29 comments

  • dunefox 18 hours ago

    Entangled life by Merlin Sheldrake shows how, amongst many other amazing facts, tightly integrated mushrooms and trees are. Everything about this is amazing to me.

  • bookofjoe 13 hours ago

    Richard Powers' novel "The Overstory" takes this premise and wraps a wonderfully entertaining and fact-suffused novel around it. Highly recommended.

    https://en.wikipedia.org/wiki/The_Overstory

  • temp0826 7 hours ago

    New business idea- probiotics for plants! (Why not, there are already mycorrhizal fertilizers)

    • CjHuber 6 hours ago

      it does exist and it's called compost tea

  • accrual a day ago

    The sheer volume of life here is incredible. I already know trees to be stewards of life on earth but wasn't aware they had complex inner ecosystems themselves.

    • goku12 19 hours ago

      Multicellular life seems to have appeared independently from unicellular life several times in the past, including 6 instances of complex multicellular life from eukaryotic cells, that led to animals and land plants. It may also have happened repeatedly, with some disappearing altogether in course of time. Another important aspect of life is the extreme prevalance of symbiosis, even among unicellular life. It's even theorized that the genesis of the entire Eukaryota domain and many of its organnelles (notably mitochondria and chloroplasts) are the results of repeated cellular endosymbiosis where a unicellular organism consumed a prokaryote that eventually becomes a useful part of the host cell instead of its food.
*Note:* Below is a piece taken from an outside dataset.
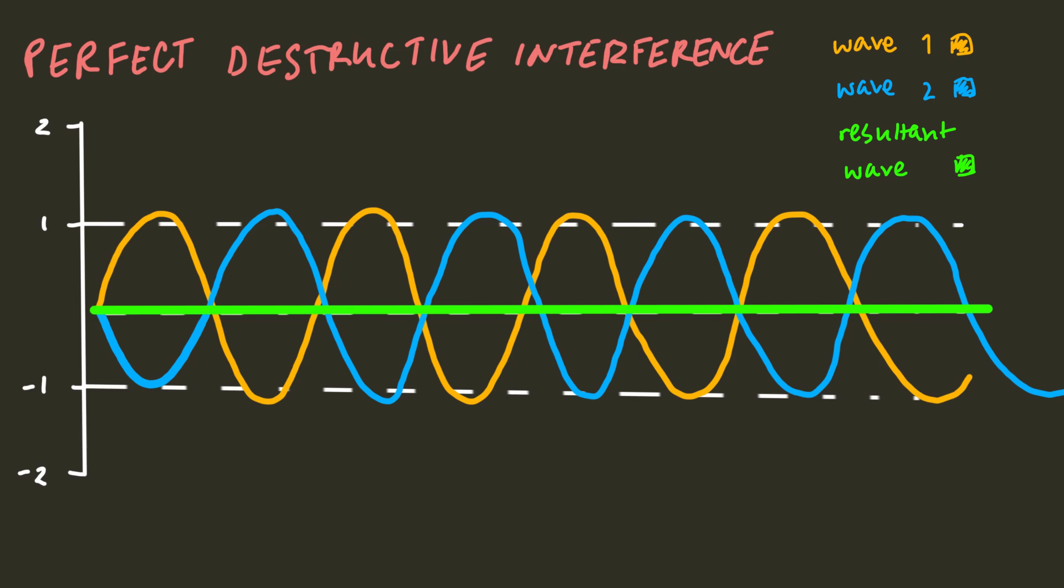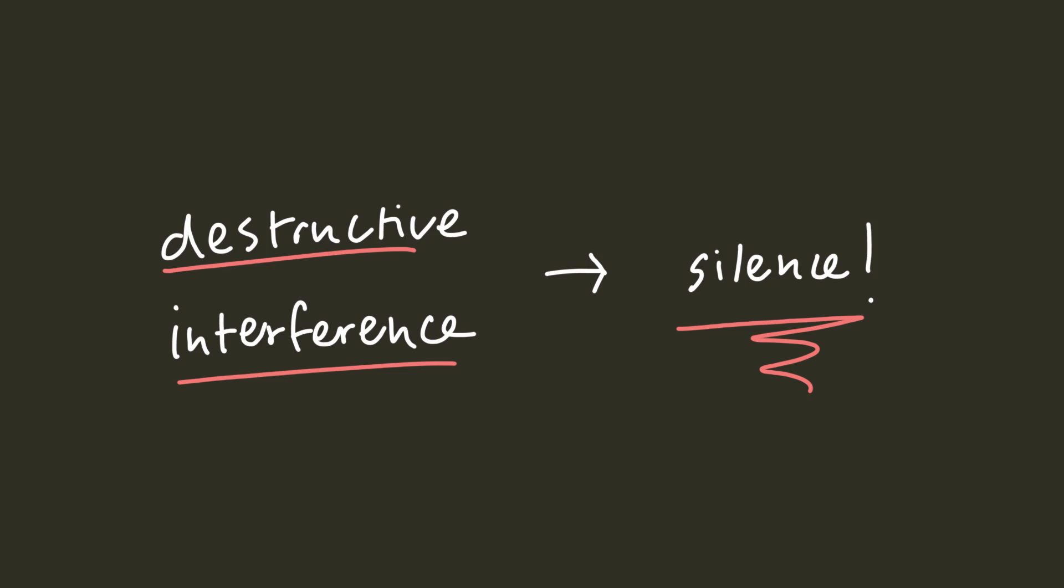If you have two identical waves out of phase with one another by half a wavelength, you'll get perfect destructive interference at all points. In the context of a sound wave, when destructive interference happens, we perceive this as an absence of sound or silence.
      Considering the two facts above and how often multicellular organisms and unicellular organisms interact, it's highly improbable that any multicellular organism would have evolved without developing a life sustaining dependence on a huge array of unicellular organisms. I would be very surprised if that happened.

      I'm not dismissing your remark. Any day where you don't learn at least one new thing is a day wasted. But given the mathematical odds, what you said seems inevitable to me rather than a surprise.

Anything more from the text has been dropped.